Once the Buddha was staying in Kalandaka’s bamboo grove at Rajagrha.
Then, the World-Honored One (the Buddha) said to a monk coming from
another tradition, “I have transcended doubt, got away from uncertainty, dug out
the thicket of evil views, and will turn back no more. Since the mind has nothing
to which to attach, where could there be a self ?
“The Buddha offers the Dharma, offers the teaching on the adaptation of
conditioned genesis connected with emptiness, a holy and supramundane truth.
“That is to say: Because this is, that is; because this is, that arises.
“That is to say: Conditioned ignorance, formations arise; conditioned by
formations, consciousness arises;
conditioned by consciousness, name and material form arise; conditioned by
name and material form, the six sense-spheres arise;
conditioned by the six sense-spheres, [sensorial and mental] contact arises;
conditioned by contact, feeling arises;
conditioned by feeling, craving arises; conditioned by craving, attachment
arises;
conditioned by attachment, becoming arises; conditioned by becoming,
birth arises;
conditioned by birth arises the suffering of aging, death, sorrow and
affliction. Thus is the origin of this whole mass of suffering. And in the same way
is the cessation of this whole mass of suffering.”
He taught like that, but the monk still had doubt and uncertainty.
He could not at first gain the perception that is to be gained, obtain the
perception that is to be obtained, achieve the perception that is to be achieved.
The Buddha then asked the monk, “Why does someone after having listened
to this dharma, find that sorrow, regret, loss and obstacles arise in his mind?
“Profound indeed is this, namely conditioned genesis; even more profound,
more difficult to see is this, namely the extinction of all attachment, the destruction
of craving, the fading away of desire, the cessation of all suffering: nirv?na.
“These two dharmas are namely the compounded and the uncompounded.
“The compounded is arising, persisting, changing, passing away. The
uncompounded is not arising, not persisting, not changing, not passing away.
“Monks, this is to say: All formations [compounded things] are suffering,
and nirv?na is the cessation of all suffering.
“When the causes of suffering are there, suffering arises; when the causes
cease, suffering ceases.
“All routes are cut off, all continuums cease. The cessation of the continuums
is called the ending of suffering.
“O monks! What is it that ceases? It is any remaining suffering. When this
ceases, there is coolness, tranquility, namely the extinction of all attachment, the
destruction of craving, the fading away of desire, the cessation of all suffering,
nirv?na.”
When the Buddha had finished this discourse, all the monks, having heard
what the Buddha said, were delighted and put it into practice.

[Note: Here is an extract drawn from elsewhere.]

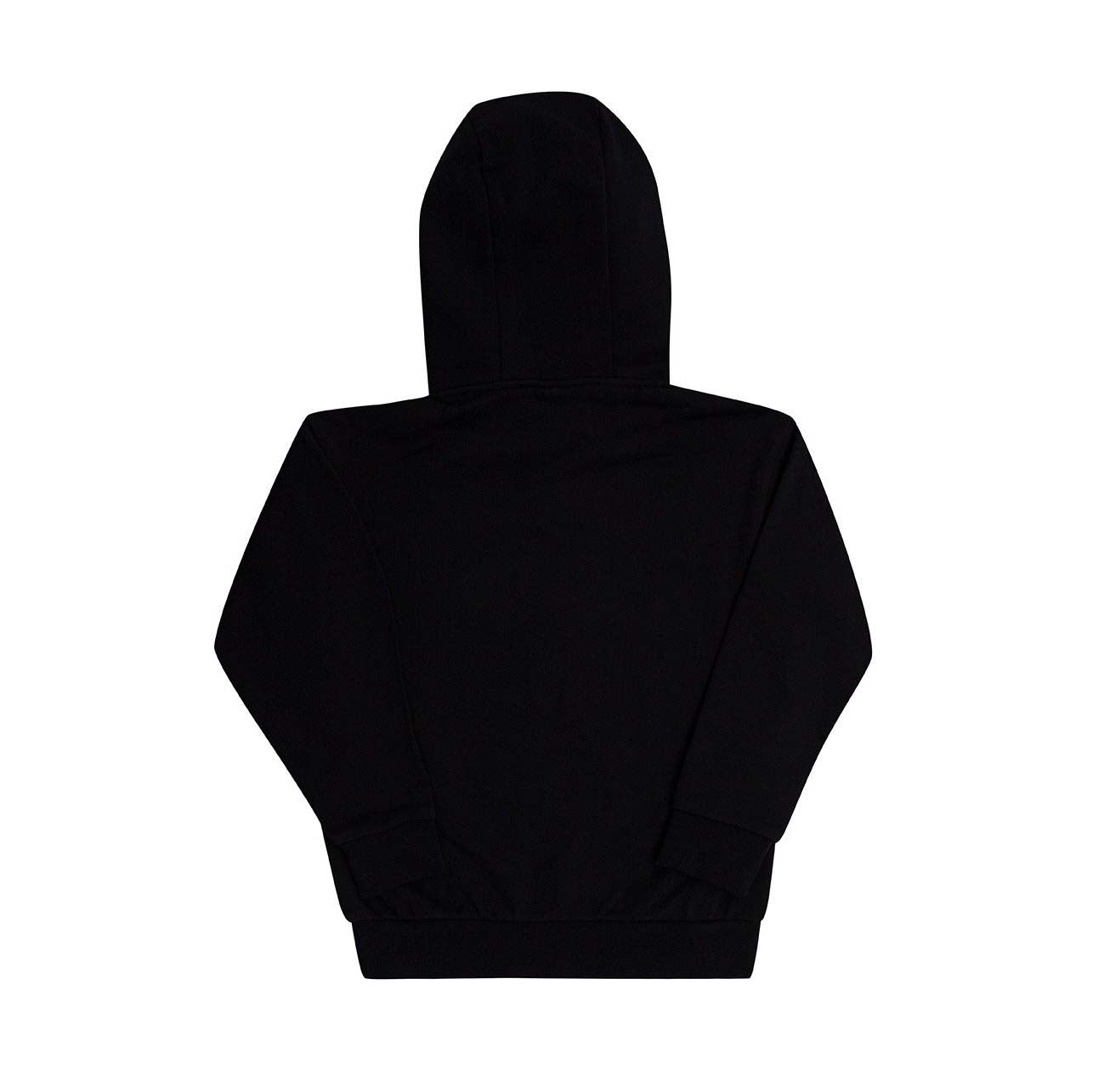 Boys & Girls Black Hooded Logo Sweatshirt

Perception. We are caught immediately by our perceptions by what we see and what we say. In Zen, it is said that thinking and speech should be cut off. The subject and object both exist. In Buddhism, there is no reality outside of the mind. True Mind. The object of your mind is suchness. The ultimate. Nirvana. This can remove fear.

There is no “self” in Buddhism. We don’t need a self to be reborn. The notion of reincarnation.

Enjoyment of What is Beyond Time and Space (reads verses #6, #13). The visible nirvana. You can see it! We don’t have to die to reach nirvana. Be like the deer and the birds. Nirvana is the realm of freedom. Free from our notions.

6. The deer take refuge in the forests. The birds in the clouds of the sky. The manifestation of phenomena depends on the discriminating mind, those who practice the truth depend on nirvana to live in freedom.

13. O monks, in the world there is the born, the becoming, the made and the compounded, But there is also the not born, the non-becoming, the not made and the not compounded For these are the way out of the born, the becoming, the made and the compounded.